Over the Fourth of July weekend, The Wall Street Journal reported that the Biden administration is likely to lift some tariffs on imports from China as Washington tries to combat inflation and Beijing reels from COVID-19-related shutdowns. The report indicates that the tariff “pause” would likely cover consumer goods “such as clothing and school supplies, as well as launching a broad framework to allow importers to request tariff waivers.” Politico, meanwhile, is reporting that the value of tariff relief will be a meager $10 billion out of the approximately $370 billion imposed by the Trump administration. This is better than nothing, but still woefully inadequate.

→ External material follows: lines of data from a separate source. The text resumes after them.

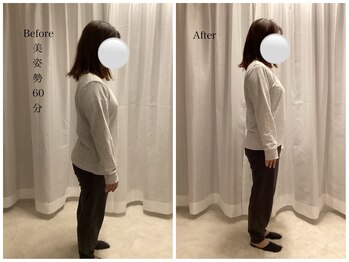 ワン ストレッチ(ONE stretch)/美姿勢20代女性before・after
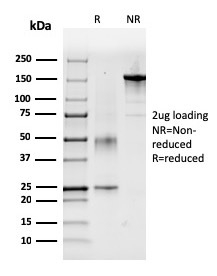 SDS-PAGE Analysis of Purified Coagulation Factor VII Mouse Monoclonal Antibody (F7/3618). Confirmation of Integrity and Purity of Antibody.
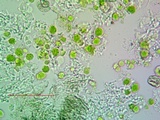 Lecanora carpinea image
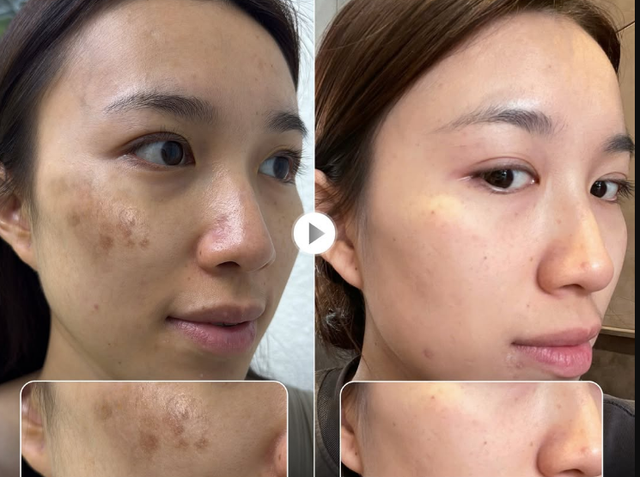 Top 3 kem gi&uacute;p mờ n&aacute;m ch&acirc;n đinh, đốm n&acirc;u l&acirc;u năm v&agrave; kh&ocirc;ng lo t&aacute;i ph&aacute;t - Ảnh 1.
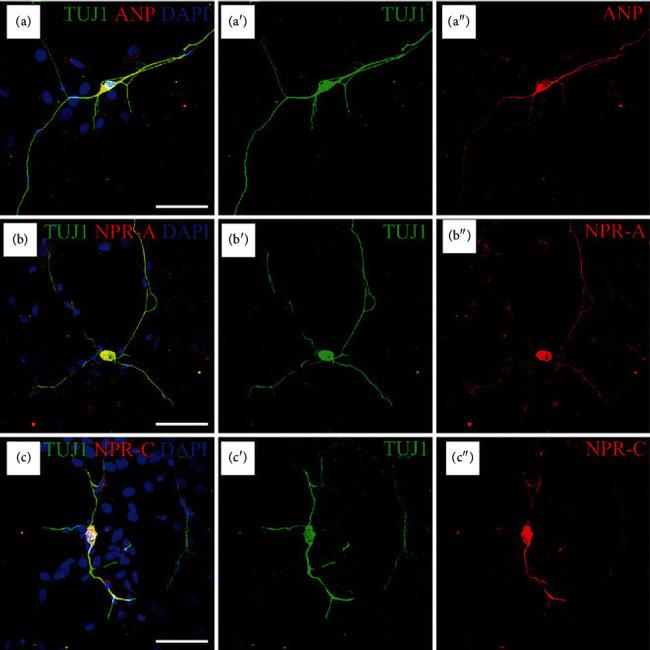 NPR3 Antibody in Immunohistochemistry (IHC)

The U.S. Trade Representative (USTR) is currently conducting a required review of the Trump-era tariffs, the comment period for which expired earlier this week. News reports indicate a rift within the Biden administration: Treasury Secretary Janet Yellen is supportive of removing most of the tariffs in order to put downward pressure on prices, while National Security Adviser Jake Sullivan and Ambassador Katherine Tai, the USTR, are opposed to any tariff relief, citing the supposed “leverage” provided by the tariffs. The Financial Times noted that internal White House skepticism of cutting some tariffs is driven by the president’s desire to “avoid a backlash before the midterm elections from lawmakers who view cutting tariffs as being weak on China.”
Yes, it is true that opportunistic lawmakers and candidates will almost certainly howl about any tariff relief on imports from China, but those same partisan voices are unsparing in their criticism of the Biden administration’s handling of inflation and are already calling him “weak” on China. Either way, the political backlash of tariff relief is likely to be overblown; inflation is top of the mind for voters by a wide margin, and the president has the bully pulpit to counter the inevitable opposition spin.

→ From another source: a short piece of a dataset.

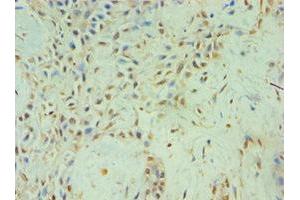 Immunohistochemistry of paraffin-embedded human breast cancer using ABIN7152459 at dilution of 1:100 (TBL1XR1 antibody  (AA 1-180))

As I explained recently, loose fiscal and monetary policy are driving up demand. The tariffs act as a serious impediment to increasing supply. Reducing tariffs is not a panacea for reducing inflation, but it could help put some downward pressure on prices. In particular, real tariff relief (i.e., far more than what’s reportedly on tap) could save American families hundreds of dollars per year.
Even before the onset of serious inflation, moreover, the tariffs were a complete failure. They raised prices for consumers; hurt domestic manufacturers reliant on imported intermediate inputs and capital goods; decreased market access for American exporters, particularly the agriculture industry; and led to investment slowdowns and substantial job losses. On top of that, the tariffs utterly failed to induce Beijing to make significant changes to its legitimately concerning international trade and investment practices. Indeed, a former CIA expert on the Chinese economy recently told The Financial Times that, in terms of possible leverage, there was no “compelling reason” to keep the tariffs in place. Other foreign policy experts have echoed that conclusion.

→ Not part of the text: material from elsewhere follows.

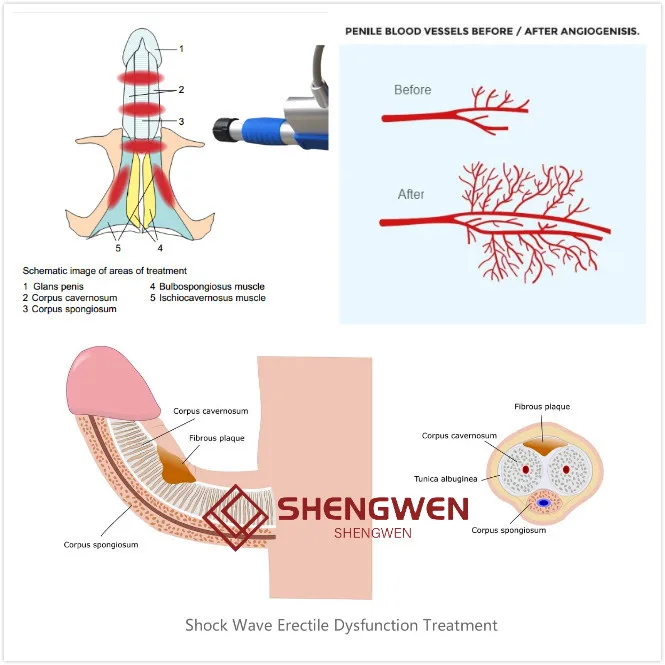あなたが勃起不全を持っているかどうかを確認するためにテストします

Indeed, if the President really is prioritizing inflation like he claims, even more tariff relief is in order. Save a temporary reprieve on Ukrainian products, for example, the Biden administration has made little effort at removing the Trump administration’s disastrous “national security” tariffs on steel and aluminum imports, including from longstanding allies. Tariffs on imported solar products and washing machines—legacy tariffs inherited from the Trump administration—remain in place. Likewise, the Biden administration has refused to open any market liberalizing free trade agreement (FTA) negotiations with potential trading partners, instead trying to establish a “framework”—without market access, the longstanding cornerstone of FTAs—with spurned commercial partners in Asia. Finally, the White House hasn’t pushed for Congress to reauthorize the Generalized System of Preferences (GSP)—a modest unilateral tariff relief program designed to bolster developing countries and help American consumers—which expired right before Biden took office. As a result, tariffs on imports from GSP beneficiary countries have increased, and Americans are increasingly (and ironically) sourcing covered consumer products from China. That’s a tariff double-whammy.
As my Cato colleague James Bacchus recently noted in a lengthy policy paper, for all of its talk about repairing alliances and undoing the damage of the previous administration, in practice, the Biden administration’s trade policy is a spitting image of the Trump administration’s ill-conceived protectionism.
To be sure, the decision to lift a small number tariffs may provide a little relief for some American families and firms hurt by inflation. It’s also a quiet admission by the White House that Americans, not the Chinese, are paying (and suffering from) the tariffs. Likewise, a renewed tariff exclusion process is a good idea. But these are minor changes — not the wholesale shift in the trajectory of U.S. trade policy that Americans really need. Over the long term, our current protectionist trade policies will raise prices, dampen growth and diminish U.S. geopolitical standing, leading to a poorer and weaker America in the process.